One mom in the study had not breastfed her first two children, but was successful with her third.
“This was an interesting case because with her first two children she was opposed to breastfeeding because her surrounding environment that she lived in was very formula dominant. Nobody told her it was healthy for the baby, and even if they did, she said she just dismissed it because she was so adamant about formula feeding. She thought breastfeeding was awkward. She said, ‘My mom didn’t do that.’” But with her third child, she had support from the father and his family, which made it easier for her, Kim adds.
But some women reported that they did not have the support of their babies’ fathers.
“It can take a lot of the mom’s time to breastfeed, so maybe that’s part of the men’s perception,” Donovan says. “‘If she’s spending her time breastfeeding then she doesn’t have time for me.’”
Kim adds that for the women in the study, men and their mothers were their main support system. “Not only is it important to educate the mom who is breastfeeding, but educating their family members and cousins and sisters. There is a whole social network that we need to target. I think men in this population are very important, whether they live together or not. Many times the men would say negative comments to the moms. Small negative comments can add up and make it harder for the moms to continue breastfeeding.”
Barbara Fiese, a professor in the Department of Human Development and Family Studies at U of I stresses the importance of support from family members. “Even if they don’t live in the same house, this can have a powerful effect on how long the mother continues to breastfeed beyond the first few weeks,” she says.
A misconception that came up in interviews was the moms’ belief that to breastfeed, women have to eat “healthy,” and that it is expensive to buy healthier foods. “That’s [needing to eat healthy to breastfeed] not necessarily true, though,” Kim says.
“Nutrition is important, but likely it’s these other immune components and other protective components that come from the mother that help to reduce some of the GI and ear infections, those types of things that you cannot really mimic with infant formula,” Donovan says. “We don’t want women to have this perception that they’re not eating healthy so they can’t make healthy milk for their infants.”

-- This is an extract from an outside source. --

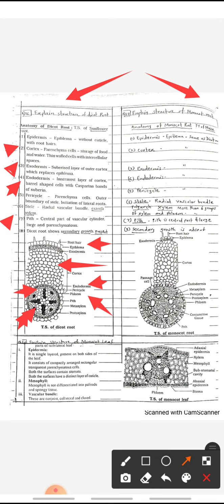The stele contains the vascular bundle with xylem and phloem patches. Xylem is the water conductive tissue and phloem is the food conductive tissue. Large xylem are called metaxylem while small xylem are called protoxylem. This vascular bundle is arranged in a circle, so it is called a radial vascular bundle.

Donovan adds that to be successful in supporting all women who choose to breastfeed, there must be a reshaping of the whole culture to be more supportive of the practice. “We also need to identify populations that are at particular risk and design interventions and education that is culturally appropriate and age appropriate. It’s part of a bigger nut that we need to crack. Culture is definitely a part of it.”
The paper, “Breastfeeding is natural but not the cultural norm: A mixed-methods study of first-time breastfeeding, African American mothers participating in WIC,” is published in the Journal of Nutrition Education and Behavior. Co-authors are Julia H. Kim, Barbara H. Fiese and Sharon M. Donovan.
The study was funded by the Agricultural and Food Research Initiative (AFRI) and the U.S. Department of Agriculture’s National Institute of Food and Agriculture, as part of the AFRI Childhood Obesity Prevention Challenge.